(Problem requirements):
Pictures are to be omitted. Output only the lines from the one containing "Lunidry Bicycle Backpack" through the end of the data, word for word.

(Information supplied):
───
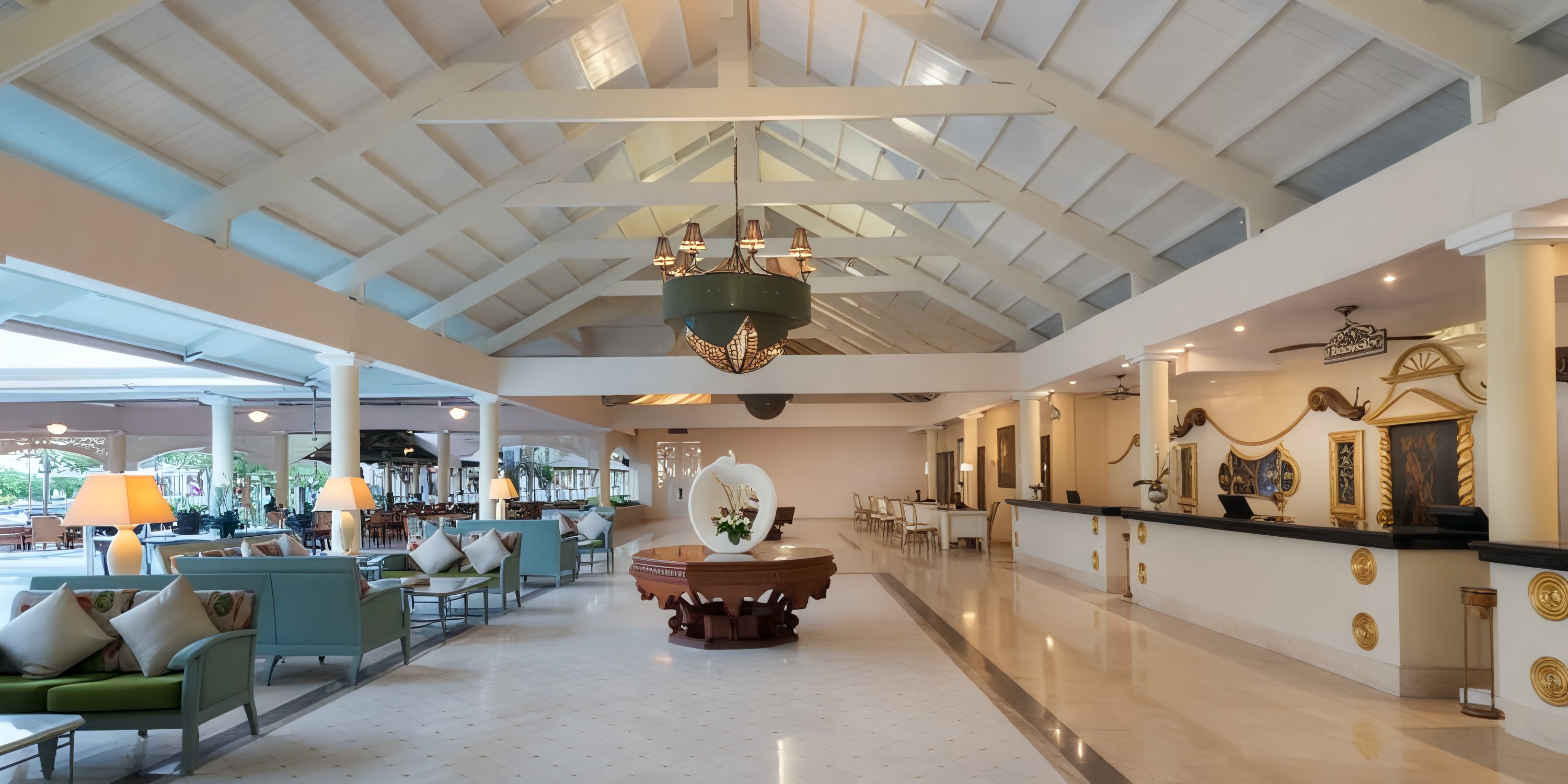The lobby at Iberostar Waves Punta Cana, ideal for destination weddings, features high ceilings and seating.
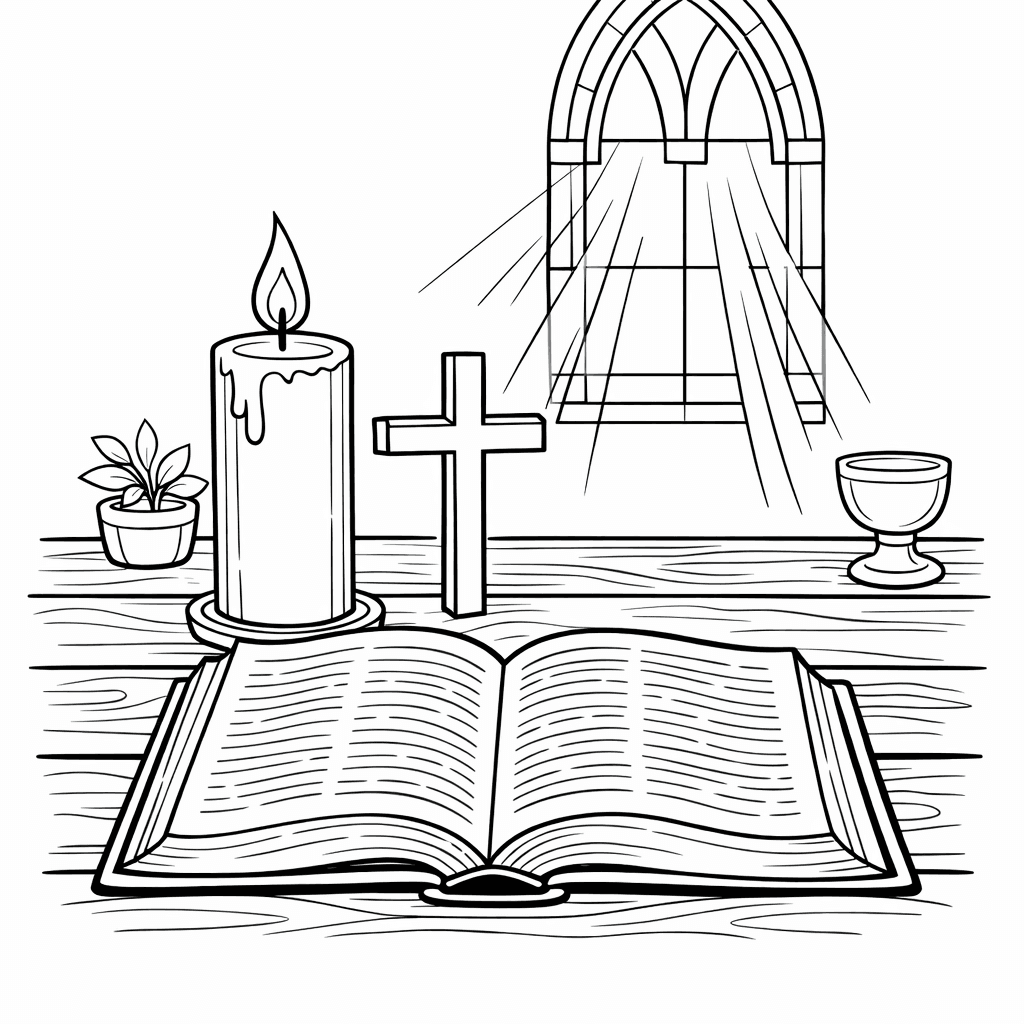 Free printable coloring page: Object Only: Two Or Three Bibles Side By…, for ages 7-12
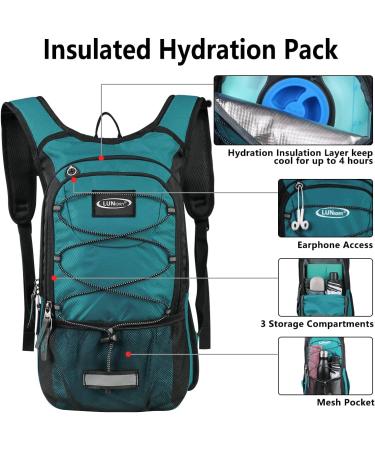 Lunidry Bicycle Backpack with 3L Drinking Bubble | Waterproof Hydration Backpack for MTB Ski and Outdoor Sports - 15L for Men & Women - Dark Emerald - Buy Online on GoSupps.com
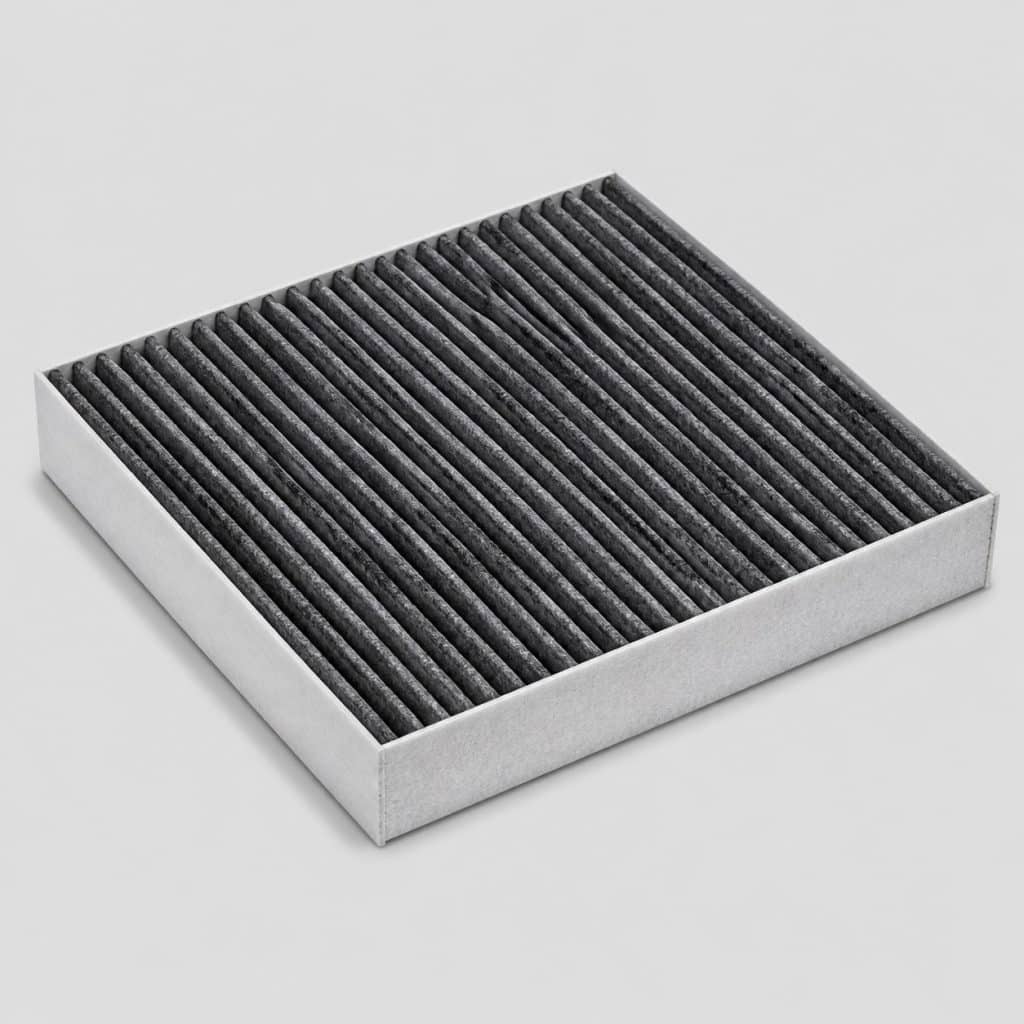 Filtre d'habitacle à charbon actif pour compacte sur fond clair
───
(Answer area):
 Lunidry Bicycle Backpack with 3L Drinking Bubble | Waterproof Hydration Backpack for MTB Ski and Outdoor Sports - 15L for Men & Women - Dark Emerald - Buy Online on GoSupps.com
 Filtre d'habitacle à charbon actif pour compacte sur fond clair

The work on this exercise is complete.